The Real-time Transport Protocol (RTP) is a network protocol for delivering audio and video over IP networks. RTP is used in communication and entertainment systems that involve streaming media, such as telephony, video teleconference applications including WebRTC, television services, and web-based push-to-talk features.
RTP typically runs over User Datagram Protocol (UDP). RTP is used in conjunction with the RTP Control Protocol (RTCP). While RTP carries the media streams (e.g., audio and video), RTCP is used to monitor transmission statistics and quality of service (QoS) and aids synchronization of multiple streams. RTP is one of the technical foundations of Voice over IP and in this context is often used in conjunction with a signaling protocol such as the Session Initiation Protocol (SIP) which establishes connections across the network.
RTP was developed by the Audio-Video Transport Working Group of the Internet Engineering Task Force (IETF) and first published in 1996 as RFC 1889 which was then superseded by RFC 3550 in 2003.
RTP is designed for end-to-end, real-time transfer of streaming media. The protocol provides facilities for jitter compensation and detection of packet loss and out-of-order delivery, which are common especially during UDP transmissions on an IP network. RTP allows data transfer to multiple destinations through IP multicast. RTP is regarded as the primary standard for audio/video transport in IP networks and is used with an associated profile and payload format. The design of RTP is based on the architectural principle known as application-layer framing where protocol functions are implemented in the application as opposed to in the operating system's protocol stack.
Real-time multimedia streaming applications require timely delivery of information and often can tolerate some packet loss to achieve this goal. For example, loss of a packet in an audio application may result in loss of a fraction of a second of audio data, which can be made unnoticeable with suitable error concealment algorithms. The Transmission Control Protocol (TCP), although standardized for RTP use, is not normally used in RTP applications because TCP favors reliability over timeliness. Instead, the majority of the RTP implementations are built on the User Datagram Protocol (UDP). Other transport protocols specifically designed for multimedia sessions are SCTP and DCCP, although, as of 2012, they are not in widespread use.
RTP was developed by the Audio/Video Transport working group of the IETF standards organization. RTP is used in conjunction with other protocols such as H.323 and RTSP. The RTP specification describes two protocols: RTP and RTCP. RTP is used for the transfer of multimedia data, and the RTCP is used to periodically send control information and QoS parameters.

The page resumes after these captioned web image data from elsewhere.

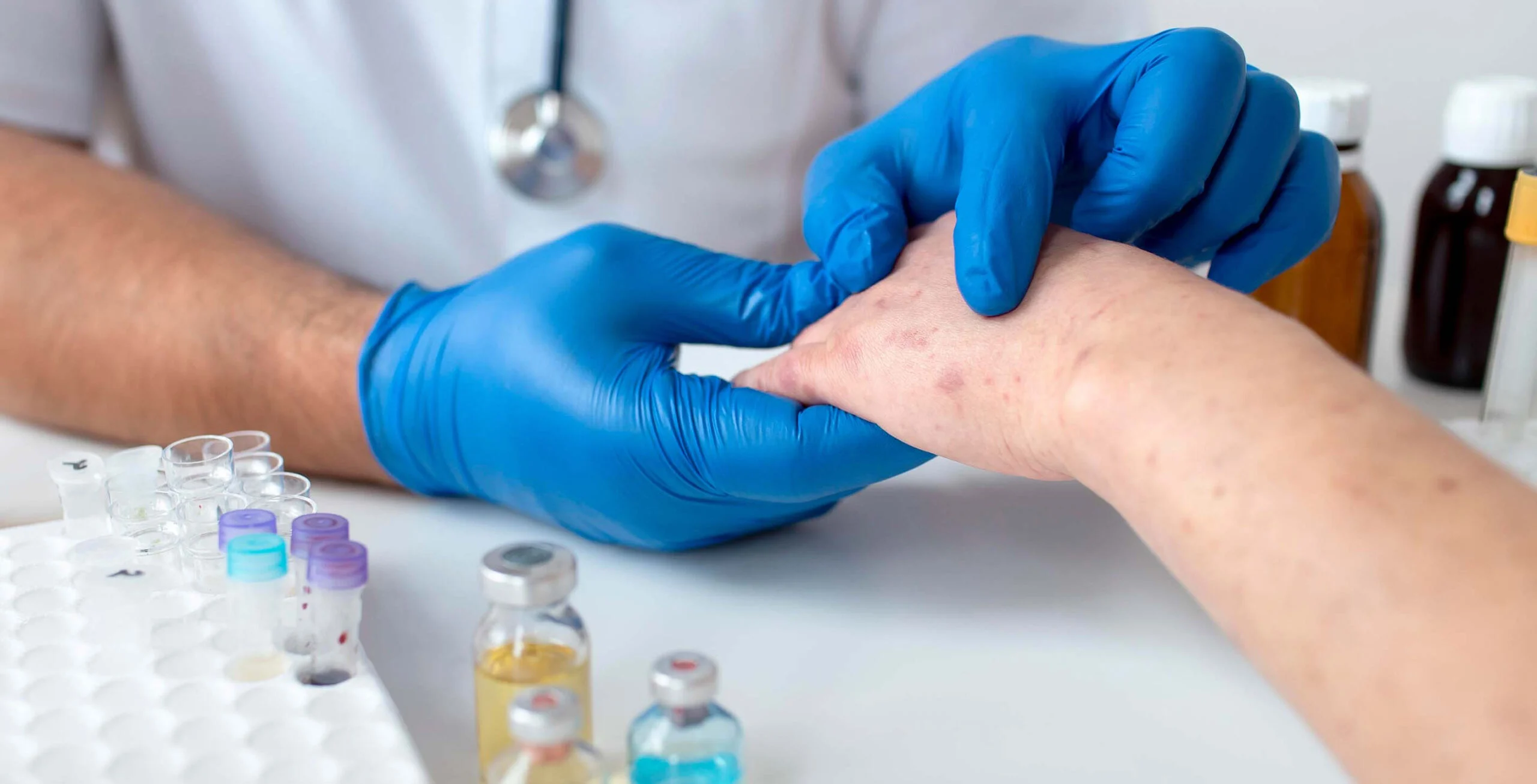 Proceduri Dermatologice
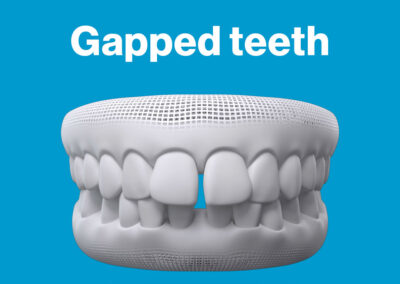 Invisalign Gapped Teeth Smile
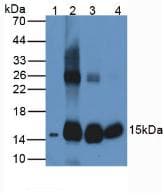 HBB / Hemoglobin Beta Antibody (aa1-147)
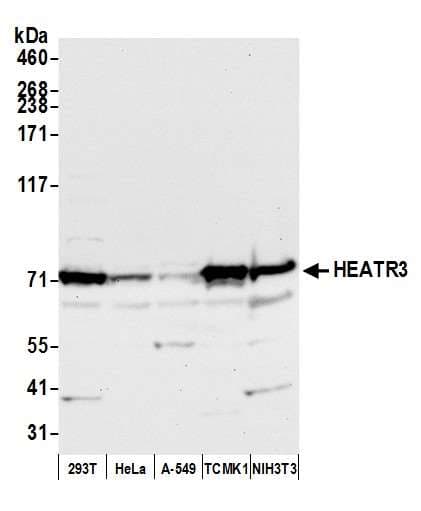 Polyclonal Rabbit anti-Human HEATR3 Antibody (aa25-75, WB)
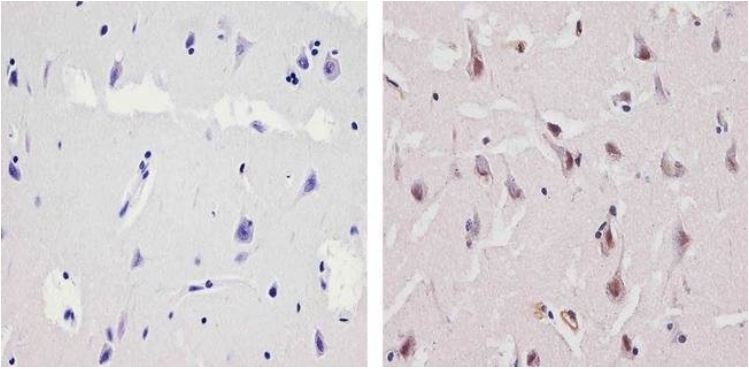 Immunohistochemistry (Formalin/PFA-fixed paraffin-embedded sections) - Anti-Ubiquilin/UBQLN1 antibody (AB3341)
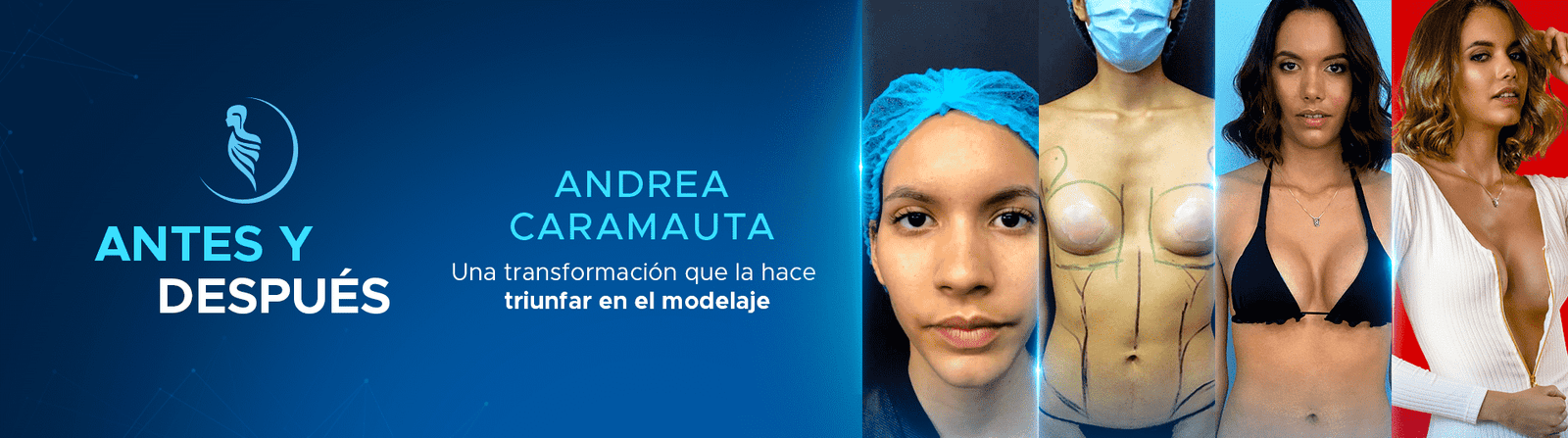 Antes y después — paciente Ansteddespuesandrea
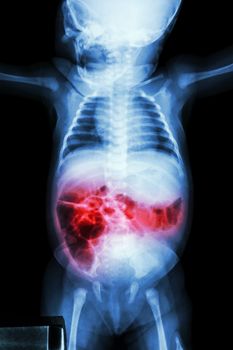 Enteritis (X-ray of sick infant and inflammation of intestine)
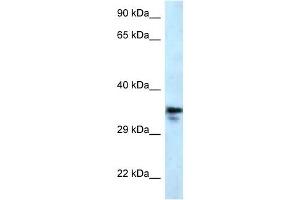 Western Blot showing MMACHC antibody used at a concentration of 1 ug/ml against U937 Cell Lysate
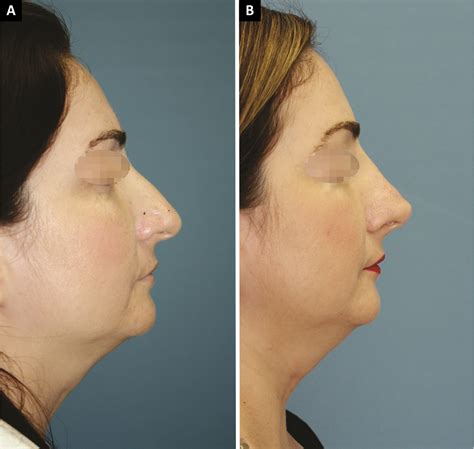 SciELO Brasil Percepção da redução nasal pela rinoplastia de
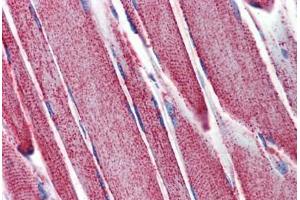 Skeletal muscle, Human: Formalin-Fixed, Paraffin-Embedded (FFPE) (SOD2 antibody)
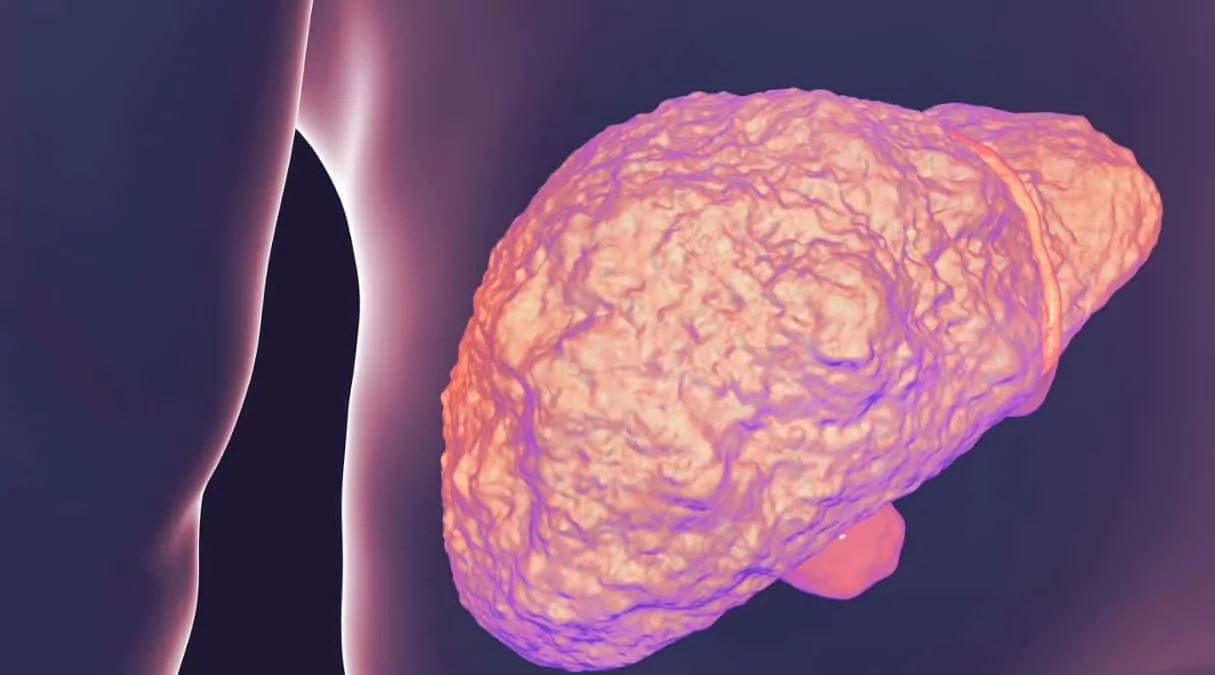 Последствия гепатита С: чем опасна эта болезнь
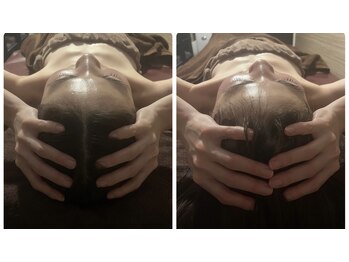 ライズサロン(RiseSALON)/【頭筋膜ヘッド小顔】症例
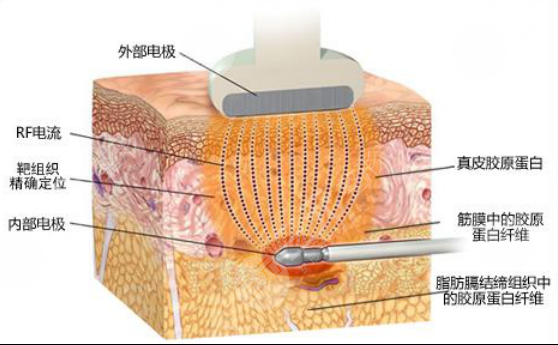 【科普】疼痛感較輕吸脂是怎么做的？吸脂手術(shù)有哪些方法呢？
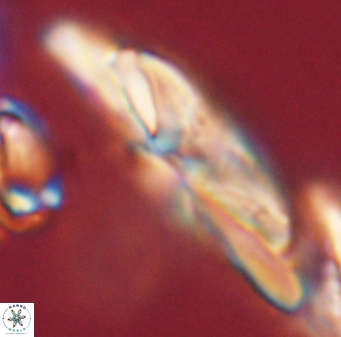 Heliotrochus kleinpellii 62667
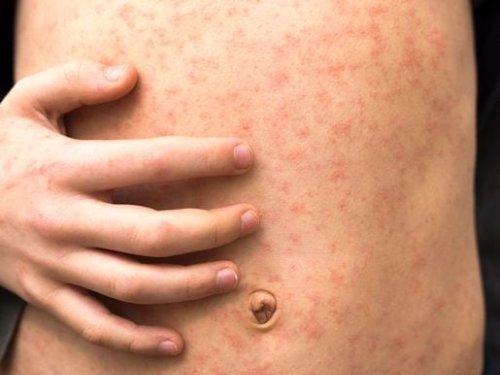 ‘Out-of-town visitor’ tests positive for measles in Cincinnati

The data transfer protocol, RTP, carries real-time data. Information provided by this protocol includes timestamps (for synchronization), sequence numbers (for packet loss and reordering detection) and the payload format which indicates the encoded format of the data. The control protocol, RTCP, is used for quality of service (QoS) feedback and synchronization between the media streams. The bandwidth of RTCP traffic compared to RTP is small, typically around 5%.
RTP sessions are typically initiated between communicating peers using a signaling protocol, such as H.323, the Session Initiation Protocol (SIP), RTSP, or Jingle (XMPP). These protocols may use the Session Description Protocol to specify the parameters for the sessions.
An RTP session is established for each multimedia stream. Audio and video streams may use separate RTP sessions, enabling a receiver to selectively receive components of a particular stream. The specification recommends that RTP port numbers are chosen to be even and that each associated RTCP port be the next higher odd number.:68 However, a single port is chosen for RTP and RTCP in applications that multiplex the protocols. RTP and RTCP typically use unprivileged UDP ports (1024 to 65535), but may also use other transport protocols, most notably, SCTP and DCCP, as the protocol design is transport independent.
RTP is used by real-time multimedia applications such as voice over IP, audio over IP, WebRTC and Internet Protocol television
One of the design considerations for RTP is to carry a range of multimedia formats and allow new formats without revising the RTP standard. To this end, the information required by a specific application of the protocol is not included in the generic RTP header but is instead provided through separate RTP profiles and associated payload formats. For each class of application (e.g., audio, video), RTP defines a profile and one or more associated payload formats. A complete specification of RTP for a particular application usage requires profile and payload format specifications.:71
The profile defines the codecs used to encode the payload data and their mapping to payload format codes in the Payload Type (PT) field of the RTP header. Each profile is accompanied by several payload format specifications, each of which describes the transport of a particular encoded data. The audio payload formats include G.711, G.723, G.726, G.729, GSM, QCELP, MP3, and DTMF, and the video payload formats include H.261, H.263, H.264, H.265, and MPEG-1/MPEG-2. The mapping of MPEG-4 audio/video streams to RTP packets is specified in RFC 3016, and H.263 video payloads are described in RFC 2429.
Examples of RTP profiles include:
The experimental Control Data Profile for RTP (RTP/CDP) for machine-to-machine communications.